Task requirements: Look through the data below for the line with "Guntur Mirchi /" and the line with "1.Пищевод образуется на", then transcribe exactly from the first through the second, leaving out all pictures.

** Opening Listed entries block **

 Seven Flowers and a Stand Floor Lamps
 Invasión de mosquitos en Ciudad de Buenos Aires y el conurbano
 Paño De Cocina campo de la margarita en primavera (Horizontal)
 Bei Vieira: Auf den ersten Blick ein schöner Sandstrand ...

** Closing Listed entries block **
** Opening Listed entries block **

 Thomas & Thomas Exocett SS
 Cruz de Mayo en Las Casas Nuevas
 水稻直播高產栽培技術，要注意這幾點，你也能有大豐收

** Closing Listed entries block **
** Opening Listed entries block **

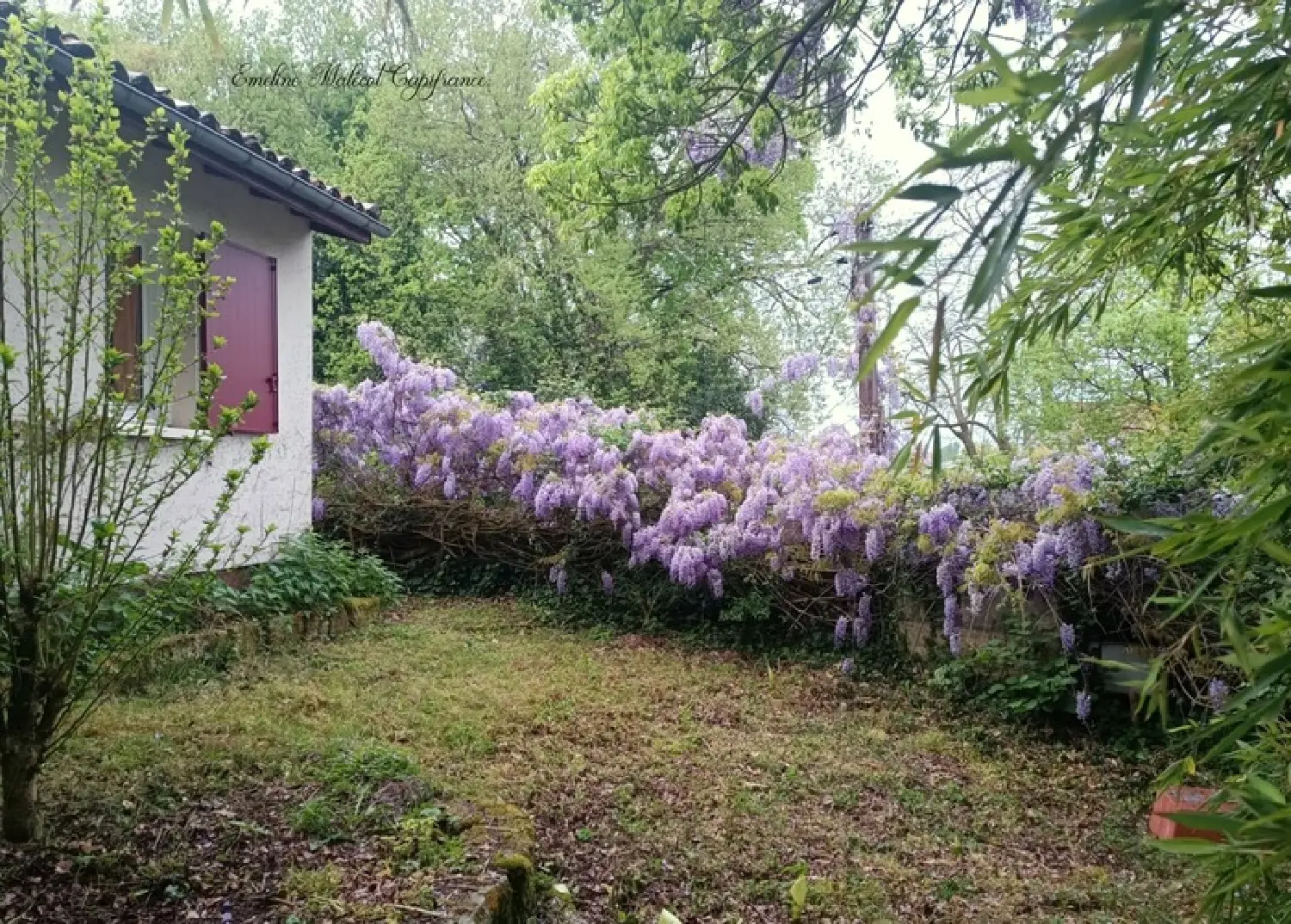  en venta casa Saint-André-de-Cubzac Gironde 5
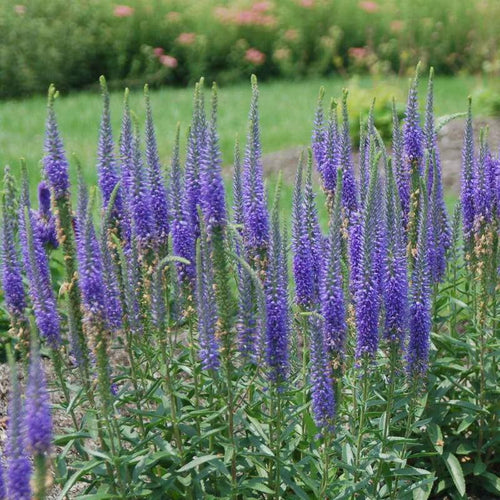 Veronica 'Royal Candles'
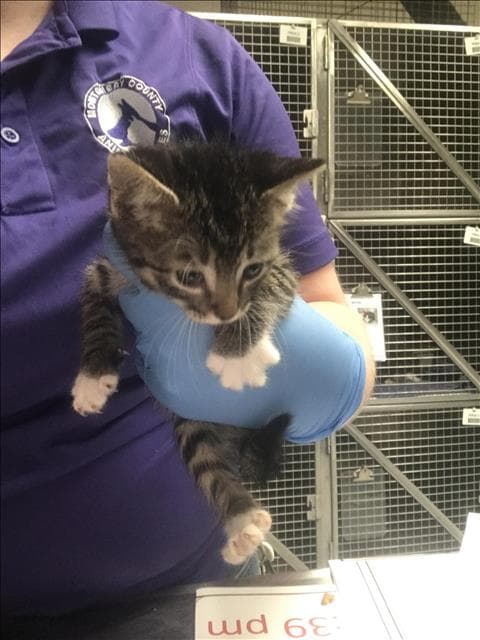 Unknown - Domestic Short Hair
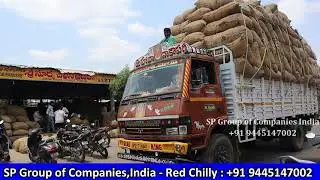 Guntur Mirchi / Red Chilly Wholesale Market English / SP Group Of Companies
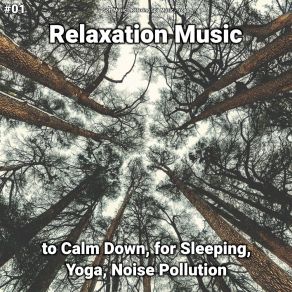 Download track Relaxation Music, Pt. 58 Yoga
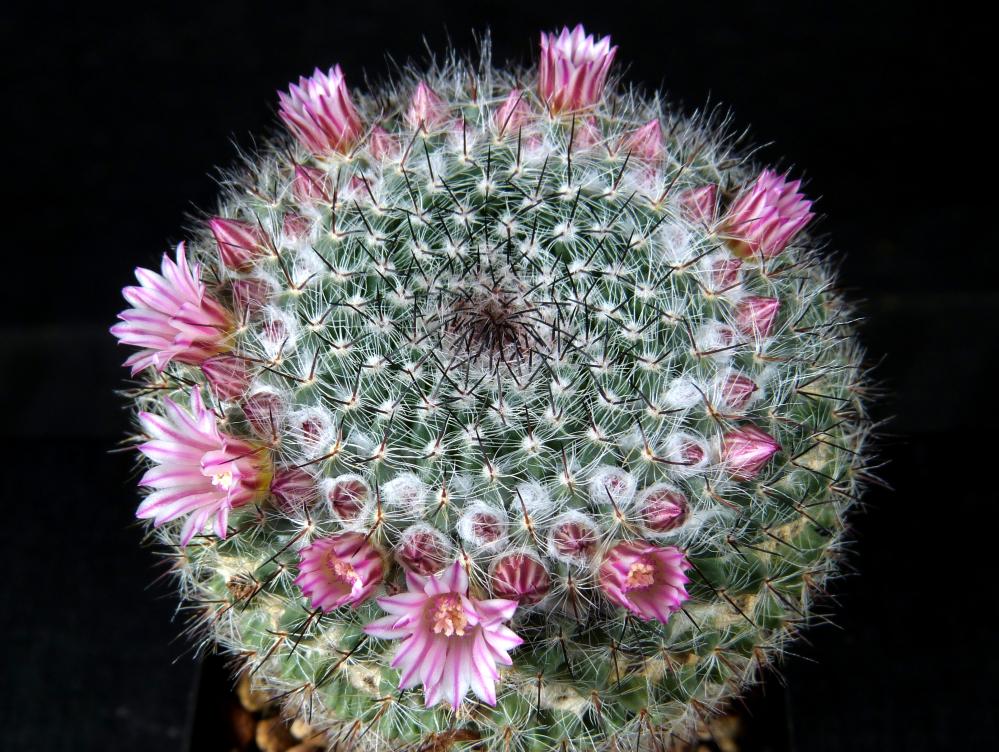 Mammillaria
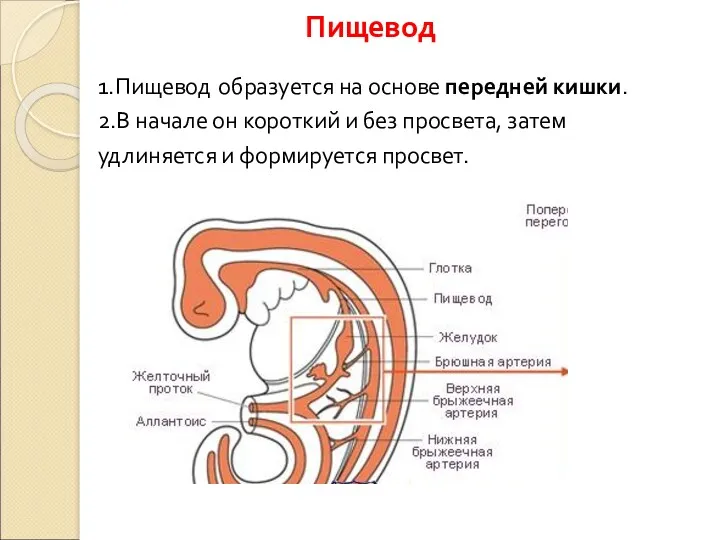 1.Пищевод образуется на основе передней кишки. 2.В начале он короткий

** Closing Listed entries block **

Response box:
 Guntur Mirchi / Red Chilly Wholesale Market English / SP Group Of Companies
 Download track Relaxation Music, Pt. 58 Yoga
 Mammillaria
 1.Пищевод образуется на основе передней кишки. 2.В начале он короткий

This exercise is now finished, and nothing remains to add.